Through through tough thought, I can’t think of any.
Historically it’s because languages borrow from each other. Japan borrowed characters from China and vice versa later on.
Kanji is a derivative of older Mandarin character sets. That’s why they look alike. Modern Kanji is of course dissimilar, but the glyphs still look similar, so unless you know one or the other deeply, I wouldn’t find it odd for people unfamiliar with either to be able to tell some of them apart.
The example characters you’ve provided do look fairly similar to me, though I’m somewhat familiar with Kanji and can normally tell the difference.
Is your question whether this happens to other languages? If so that’s an easy “yes”.
Curiously enough, spoken Farsi sounds like Russian to me (I cannot understand it, but it must have the same sounds, phonemes, or pauses, not sure), and I am fluent in Russian.
Of course.
In current day tech, East Asian characters are taken from a combined set called “CJK unified ideographs”. When regional variants exist, the language it renders as depends on the font of the user’s device.
There was a recent example that came up: 骨(bone) has the little square on the left in Simplified Chinese and on the right in Japanese. With Hiragana it’s more obvious because of all the curvier letters, but with kanji only phrases even smartphones tend to mix it up.
I can’t tell between Hungarian, Romanian, Bosnian, Albanian, Czech or Slovak, because I haven’t really studied any of them or know any words. In the Cyrillic field, Belarusian, Russian, Ukranian (except for the existence of ï), Bulgarian, Serbian I probably couldn’t be able to tell you what faced with a random paragraph of text.
Spanish and Portuguese
German and Russian
German and Dutch a bit
Spanish is my first language and one of the most embarrassing moments of my life was asking two people if they were speaking Portuguese and they said no, Spanish.
Which would be okay because we all have different accents… But we were from the same country.
German and Russian?! Maybe to a person not at all familiar with either Germanic or Slavic languages, but they are not as closely related at the other 2 pairs.
Yeah I almost didn’t put this one because I don’t get it, but several people I know have confused them.
most people go by sound. tgere is a phenomenon that (european) portugese gets viewed as ‘some slavic language’ by laypeeps. it is just arbitrary what people will think your language is.

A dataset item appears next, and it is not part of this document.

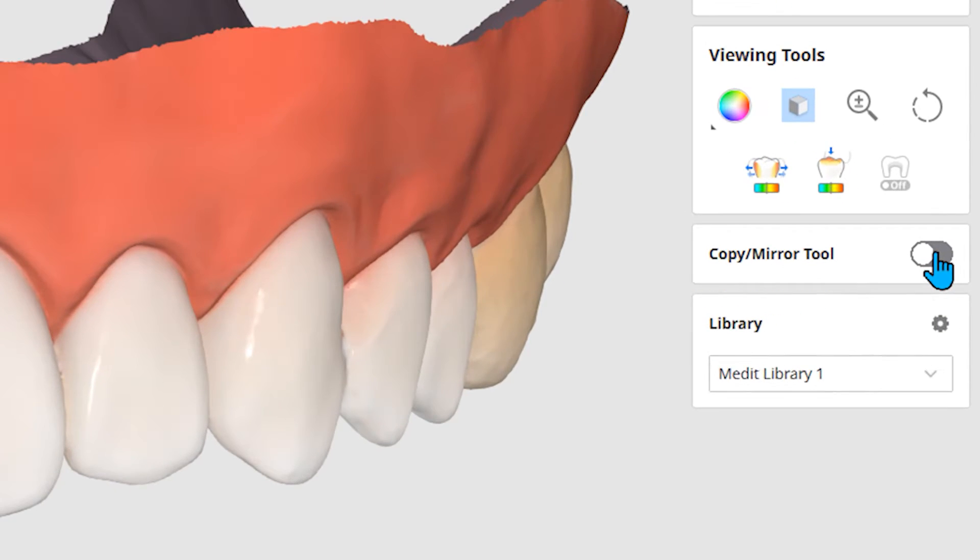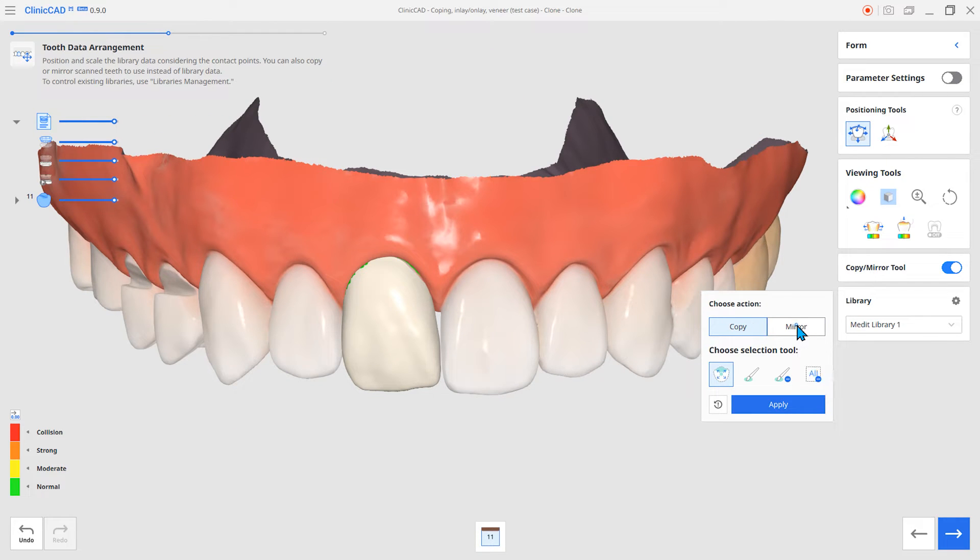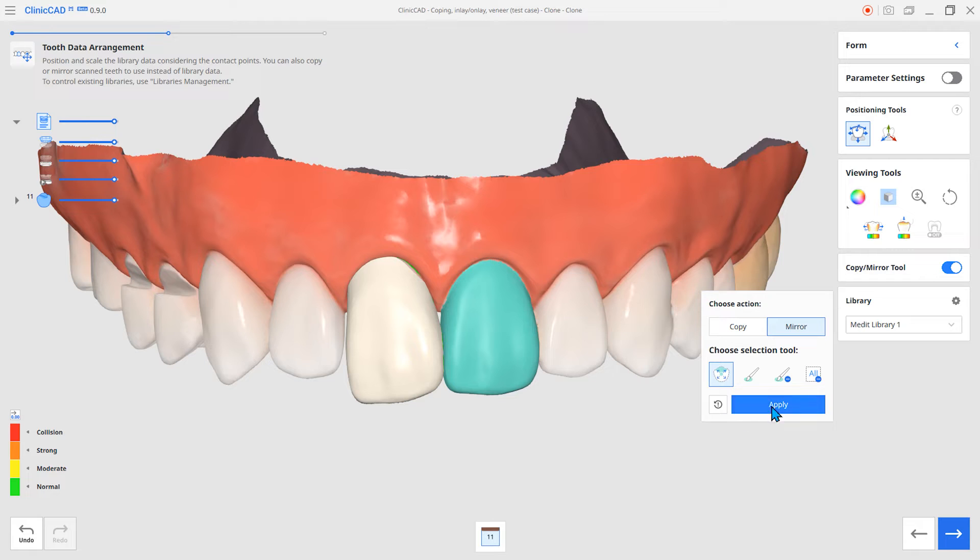The next feature is the Copy Mirror function. You can duplicate or mirror the adjacent teeth as a library.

It’s the logographic nature of the text that makes it more common in eastern languages. Modern Western written languages, for the most part, are strictly alphabetic so since the symbol doesn’t represent concepts, only vocal Phonemes which when strung together represent a concept, it’s really hard to misinterpret the symbols, and it really doesn’t matter which language you’re representing with them. This gets a little fuzzy in Celtic languages because they have a lot of sound combinations that don’t exist in other languages, and there’s some confusion at times when looking at Western script and Cyrillic because while they’re both rooted in the Latin Alphabet, they both evolved separate ways of handling various sounds, but since similar words that share a common meaning (and often a common root word) in a lot of languages do in fact sound different, they also are often spelled differently enough that it becomes obvious quickly which language you’re using. There are of course some words and short phrases that do in fact get written identically in multiple, closely related languages, and that can confuse machines and people, but it’s far less common than with eastern languages.